Entre la difficulté à définir la réussite, et les limites et contraintes qui l’empêchent

La définition de la réussite est à la fois personnelle, intime, et contextuelle. Cela peut être ‘’d’être satisfait au moment de sa mort’’, ou ‘’de découvrir ce qui nous transporte et l’accomplir’’, ou encore ‘’d’avoir une ambition mesurée pour savoir se passer de ce que l’on ne peut obtenir’’. On pourrait distinguer « réussir sa vie » et réussir « dans la vie », ou considérer que la question est un piège (injonction liée à une morale) voire un mythe (comment réussir si je suis déterminé par mon milieu) ?

La définition fréquente qui est ‘’de réaliser ses rêves d’enfant’’ nous interroge plus profondément que les autres définitions sur la notion d’idéal. Car cela pourrait être le signe que nos objectifs de vie sont dévoyés, une fois devenu adulte, par des principes de réalité et d’injonctions sociales.

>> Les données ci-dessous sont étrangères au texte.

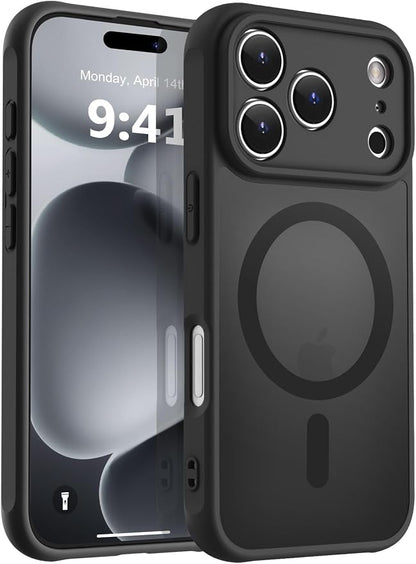 MOCCA Magnetic for iPhone 17 Pro Case, (Compatible with Magsafe) (16FT Military Grade Protection) Full Camera Protection Anti-Fingerprint Slim Translucent Matte Phone Cover 6.3",Black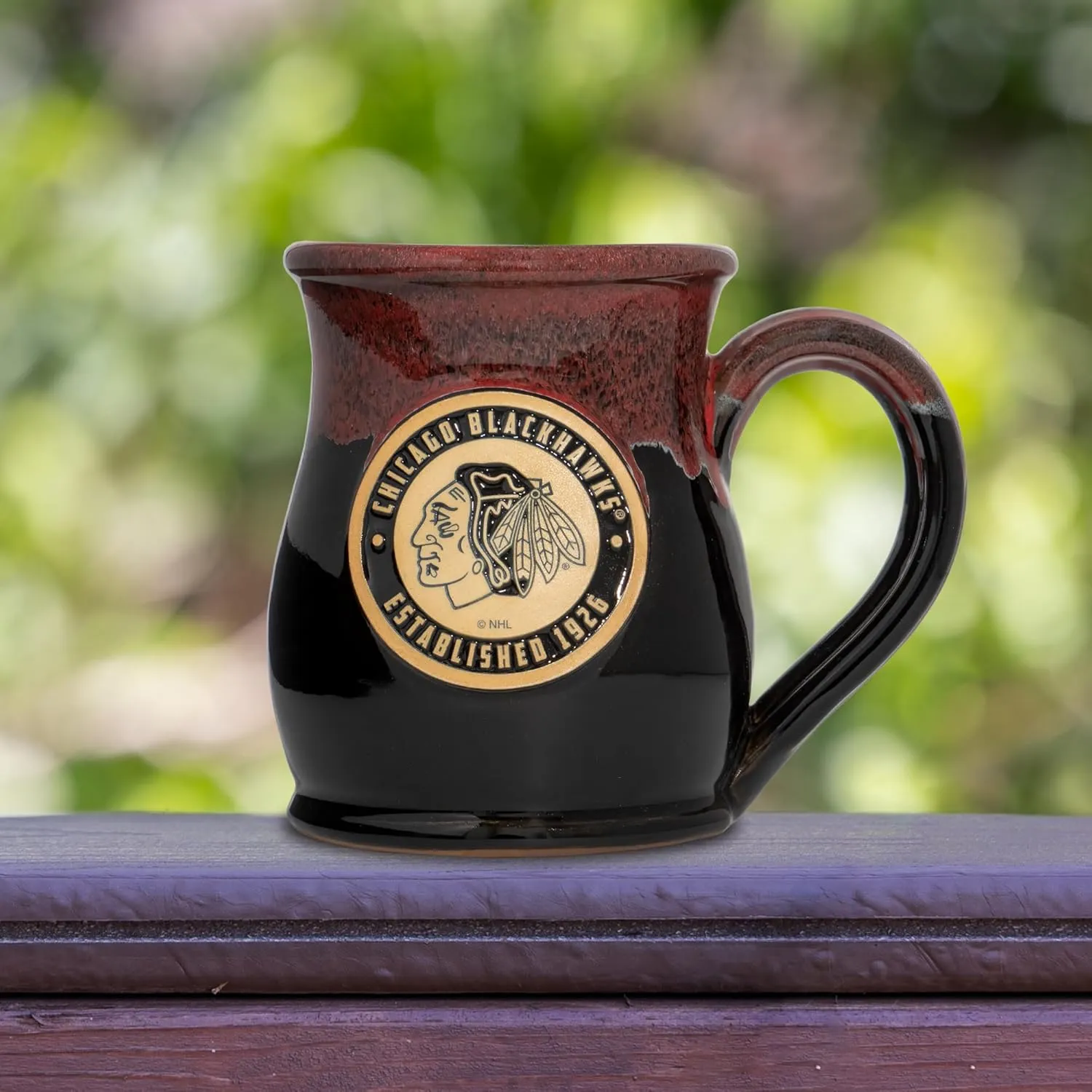 NHL Team 14-oz Two-Tone Tall Belly Mug, Handmade Large Ceramic Coffee Mug with Team Logo for True Fans, Premium Deneen Pottery Made in USA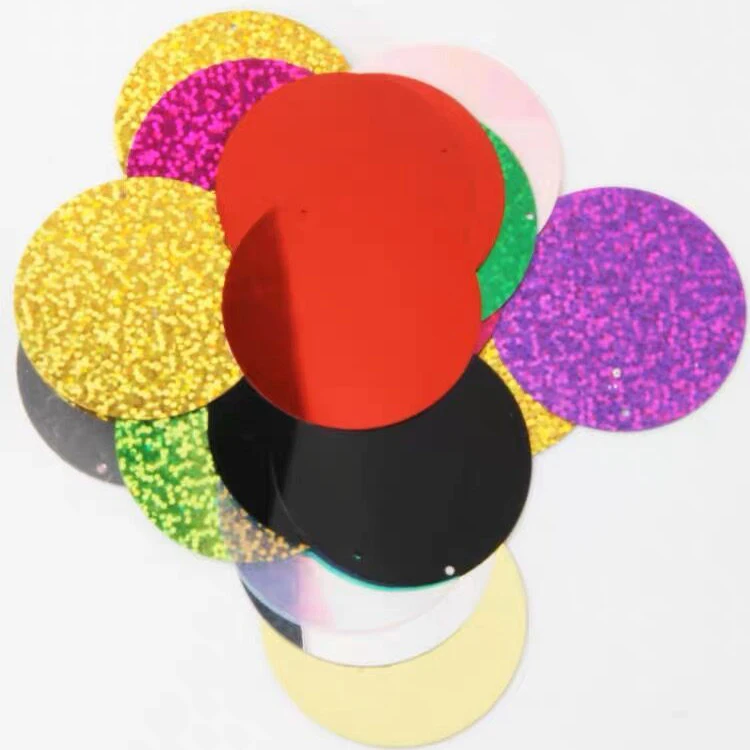 Eco-friendly 30mm Sequin with Single Side Holes PET  Large Sequin Non PVC  Big Spangle for DIY and Clothes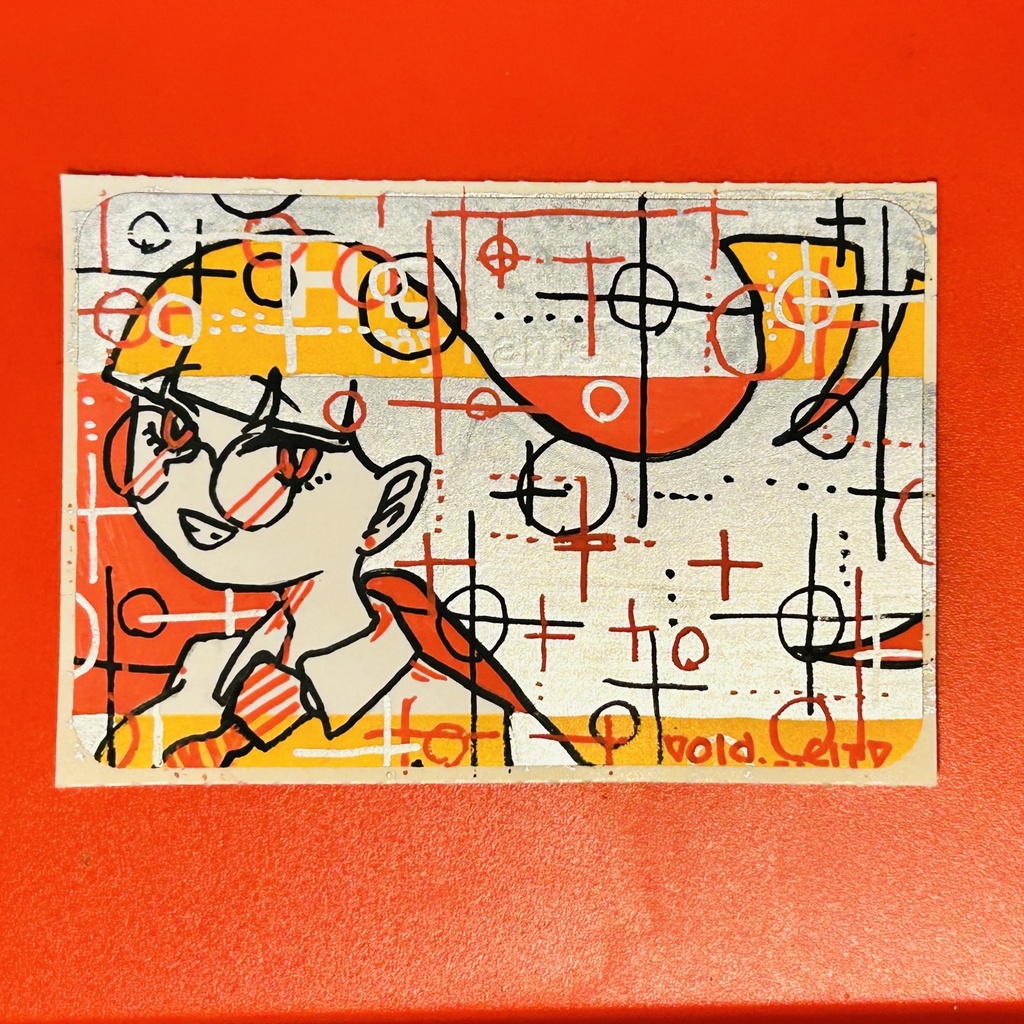 きらきら　銀髪のステッカー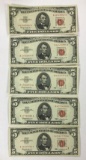 Group of five series 1963 five dollar red seal notes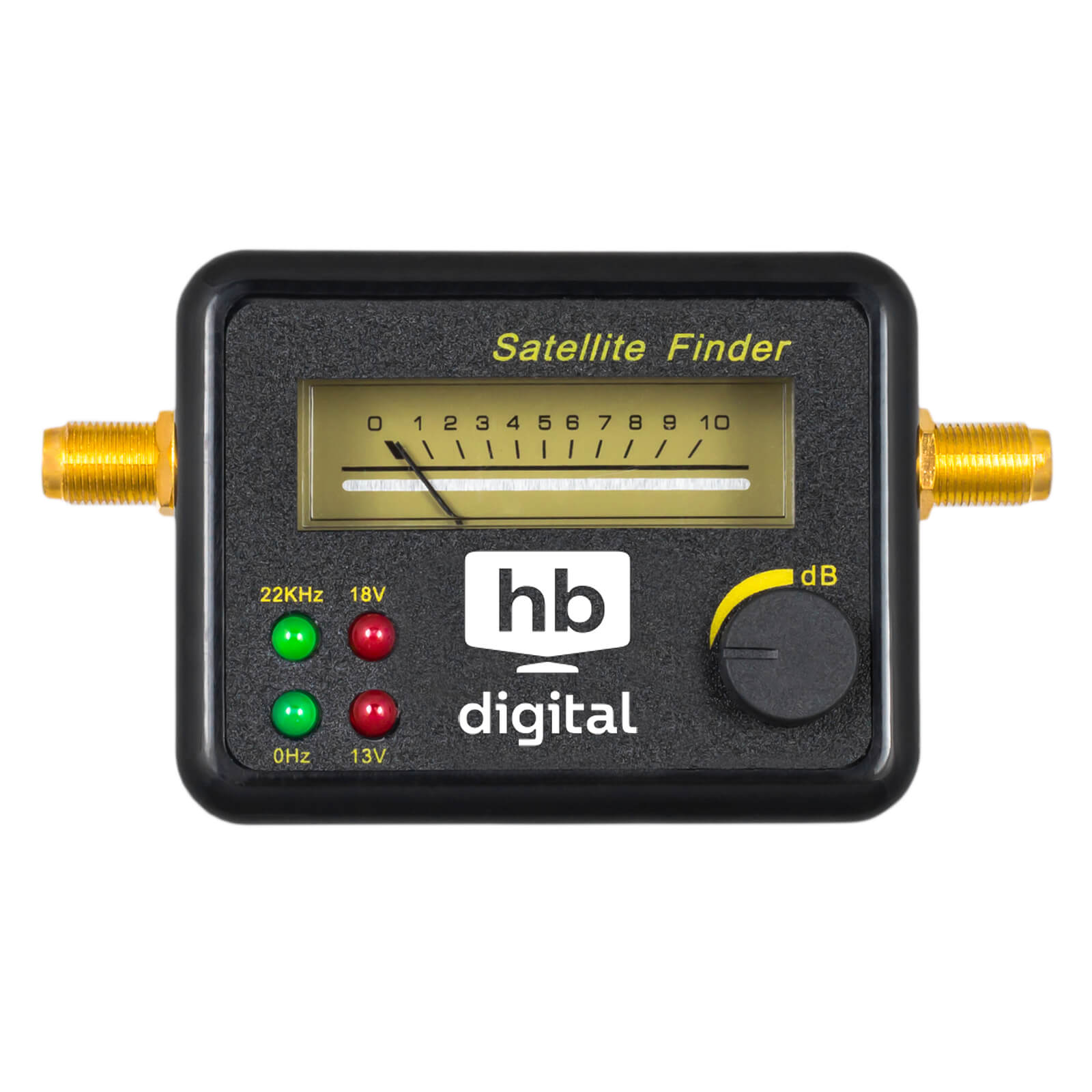 Ein schwarzer Satellitenfinder mit analogem Messgerät, LED-Anzeigen, Lautstärkeregler und goldenen Anschlüssen.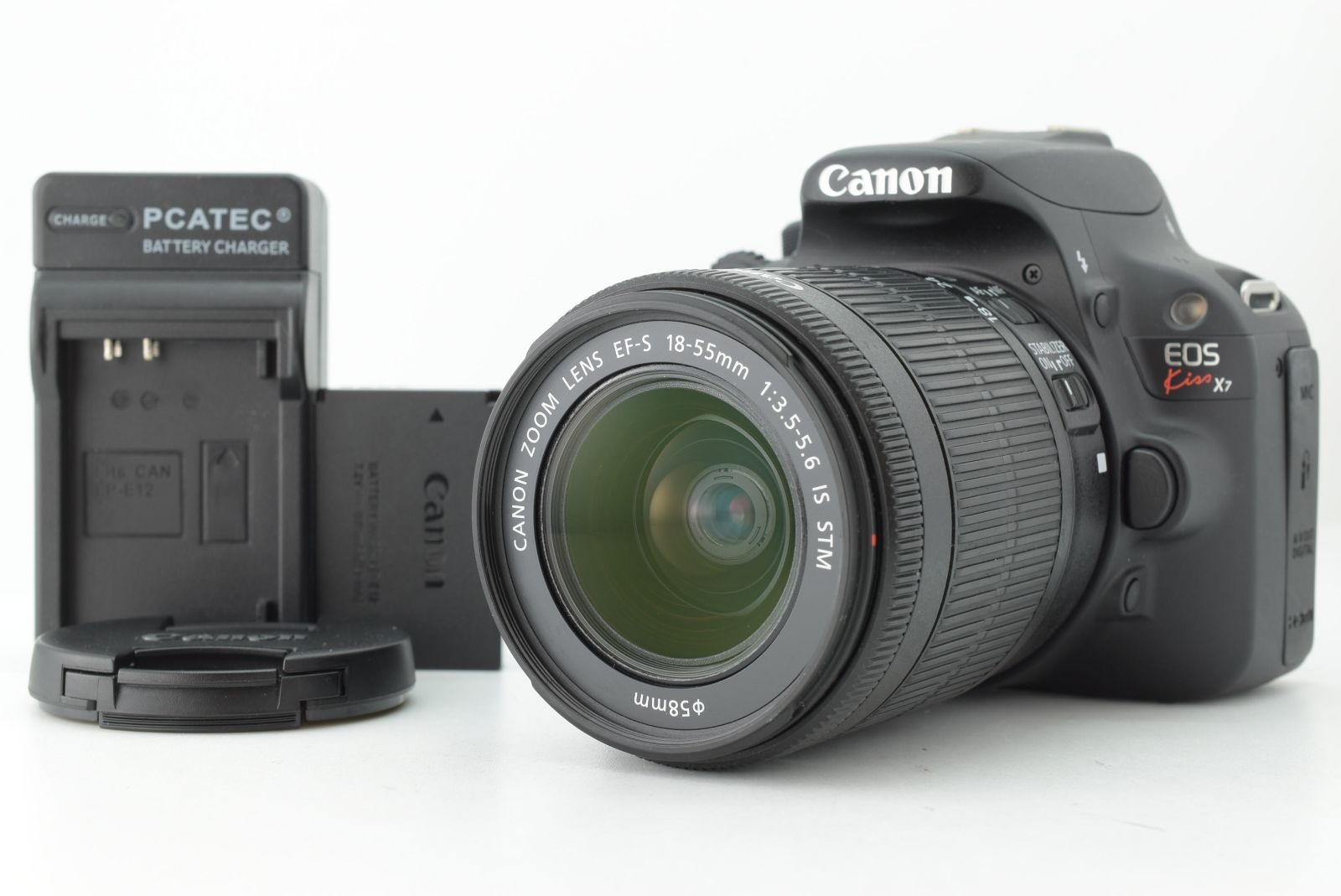 【美品 シャッターカウント 1204回】Canon EOS kiss X7 EF-S 18-55mm IS STM キャノン デジタル一眼レフカメラ EF-TN-JP2810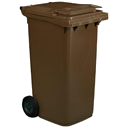 Brown wheelie bin
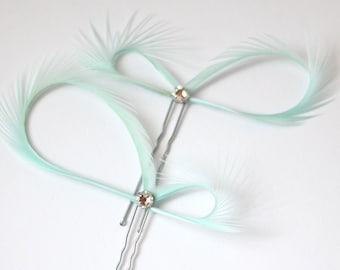 Mint Green Hair Pins, Bridal Party Mint, Bridesmaid Gift, Maid of Honor, Wedding Hair Accessories, Gift for Her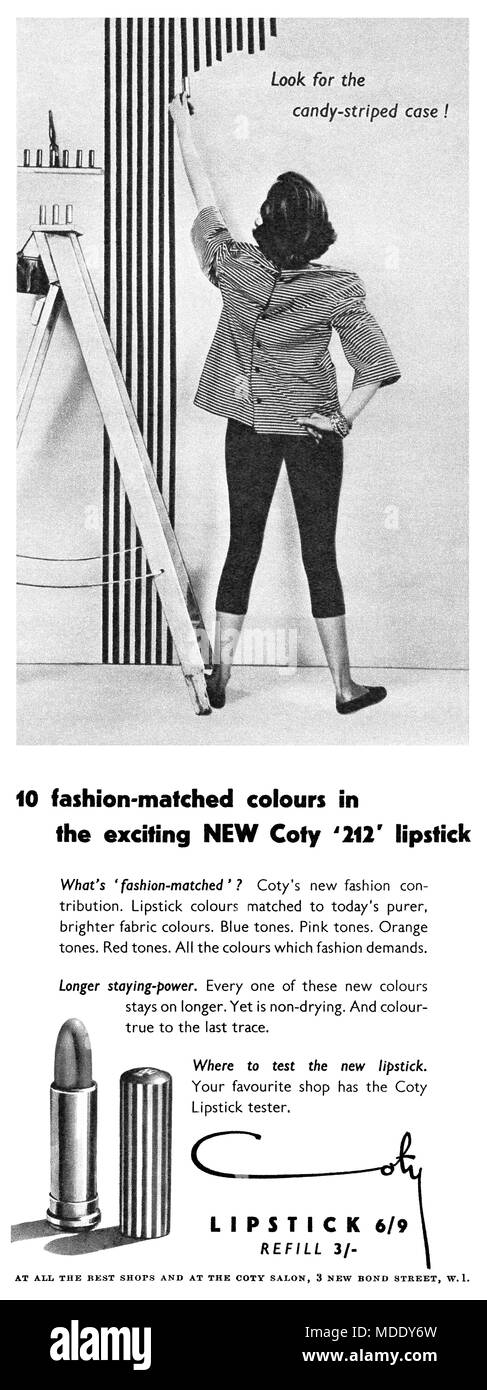 1954 British advertisement for Coty 212 lipstick. Stock Photo
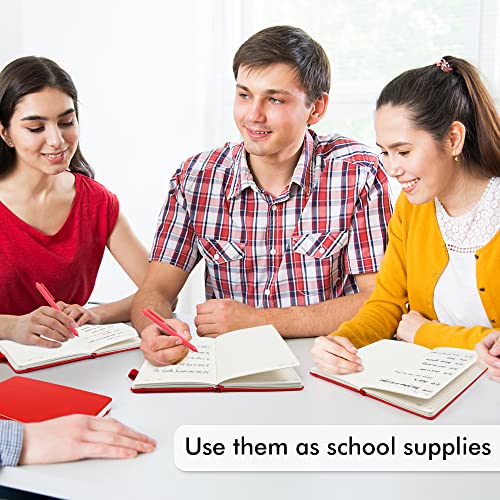 feela 12 Pack Notebooks Journals Bulk with 12 Black Pens, A5 Hardcover Notebook Classic Ruled Journal Set with Pen Holder for School Business Work Travel Writing, 120 GSM, 5.1”x8.3”, Red - color: 12 Pack red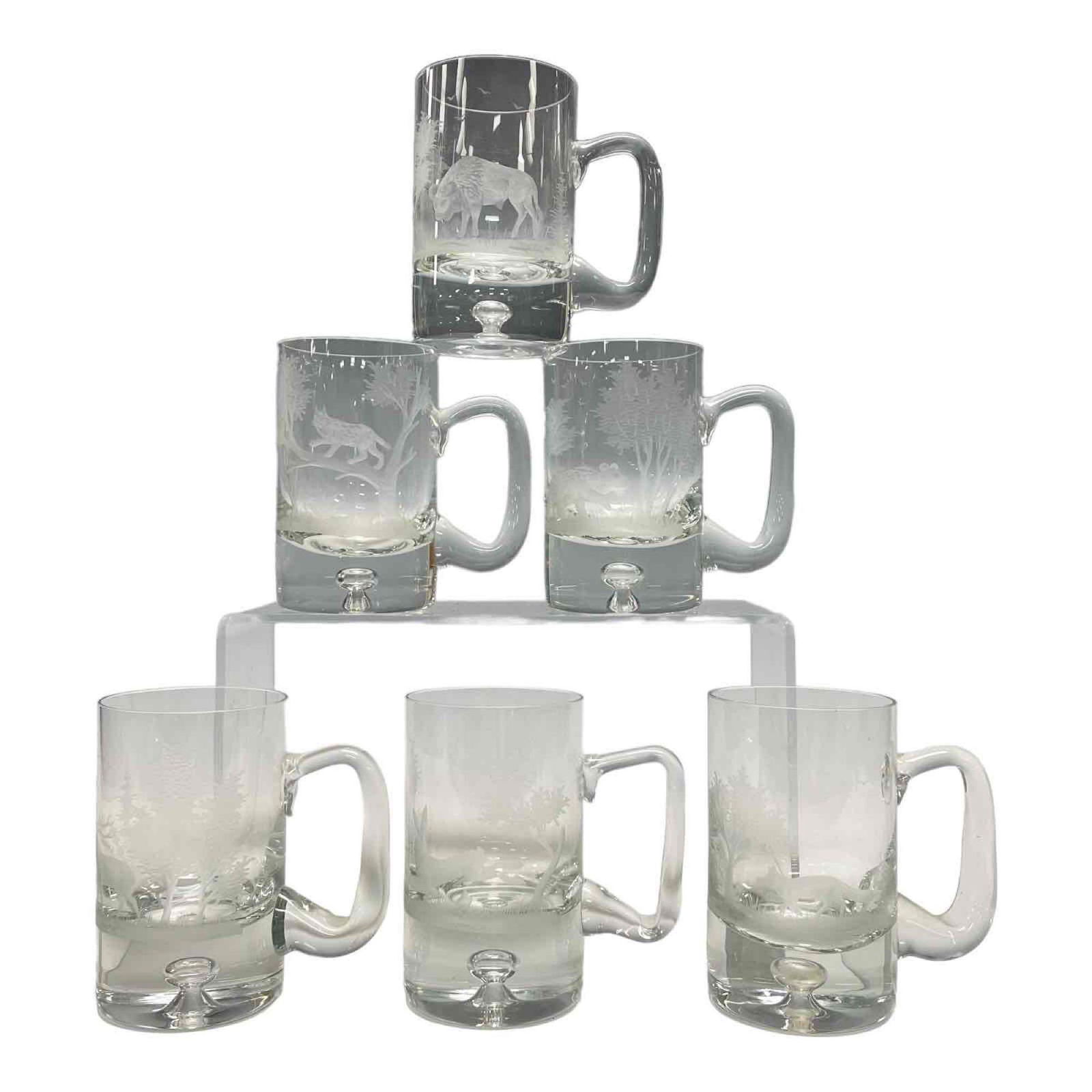 Six Vintage Wildlife Motif Etched Glass Mugs (1 of 19)
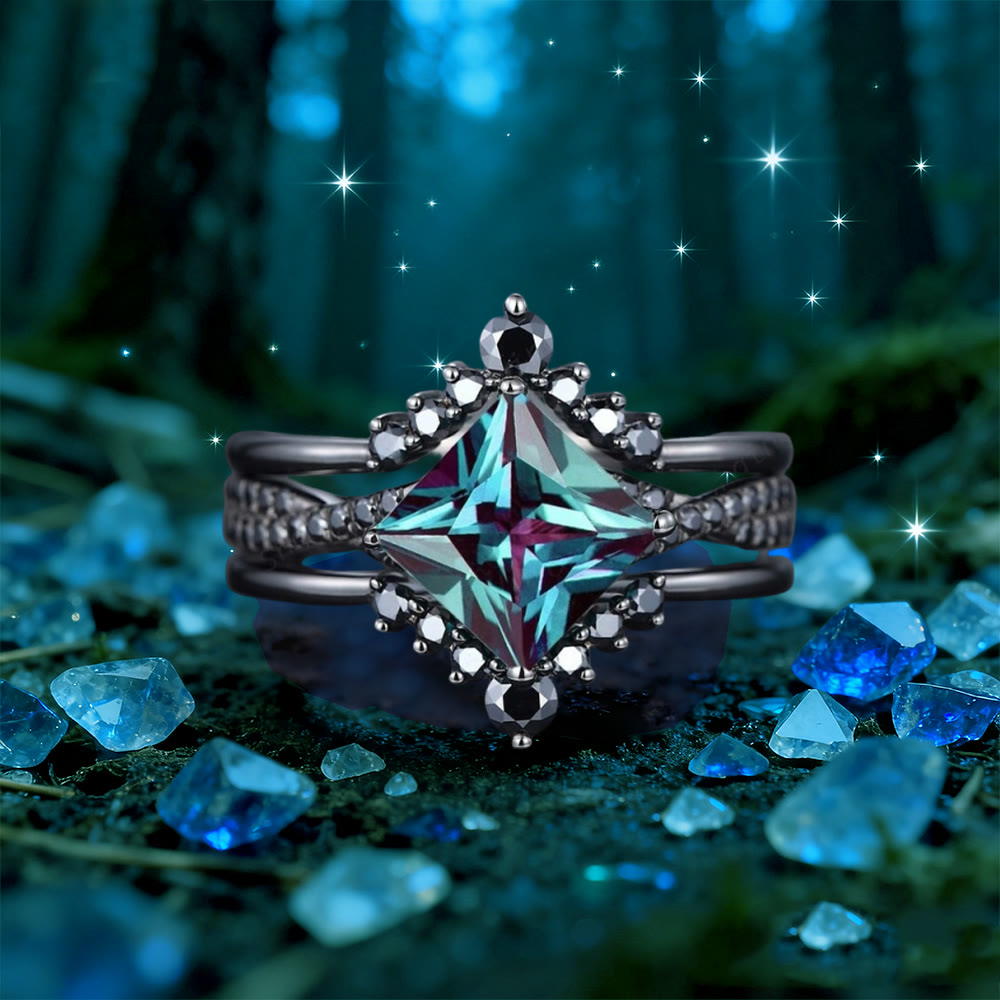 WorldNorse Mystic Alexandrite Star Ring Set - UK Size V1/2 (US 11) - image 0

L’idéal de l’enfance serait à la fois simple et noble, et pourrait être ainsi comparé à la vision qu’Aristote a de la ‘’vie bonne’’ telle que pensée dans l’Antiquité : ni dédiée aux seuls plaisirs, ni sous le joug de l’honneur et donc de l’avis d’autrui, ni soumis à l’avidité de richesse pour elle-même. L’enfant souhaite juste faire ce qui lui plait, parfois ce pour quoi il pressent être doué. Il ignore l’injonction de la réalisation de soi, du bonheur autant que celle de productivité, de contribution économique. Il ne calcule pas qu’il pourrait travailler beaucoup pour en profiter plus tard, il ne pense pas à déléguer des taches de la vie courante (ménage, cuisine, couture, élever ses enfants, prendre soin de ses aïeux, etc.) pour pouvoir se consacrer pleinement à son objectif de réussite. L’enfant fait l’expérience des petits plaisirs qui apportent autant de joie que l’abondance de jouets. L’enfant n’a pas spontanément un idéal de spécialisation, car il sait qu’il évolue, et qu’il peut aujourd’hui se passionner pour les dinosaures et dans quelques mois s’investir dans la peinture. Enfin, l’enfant ignore qu’il est contraint par des déterminismes sociaux et économiques. Cet idéal de l’enfance se confronterait ensuite aux contraintes économiques et sociales de la vie d’adulte.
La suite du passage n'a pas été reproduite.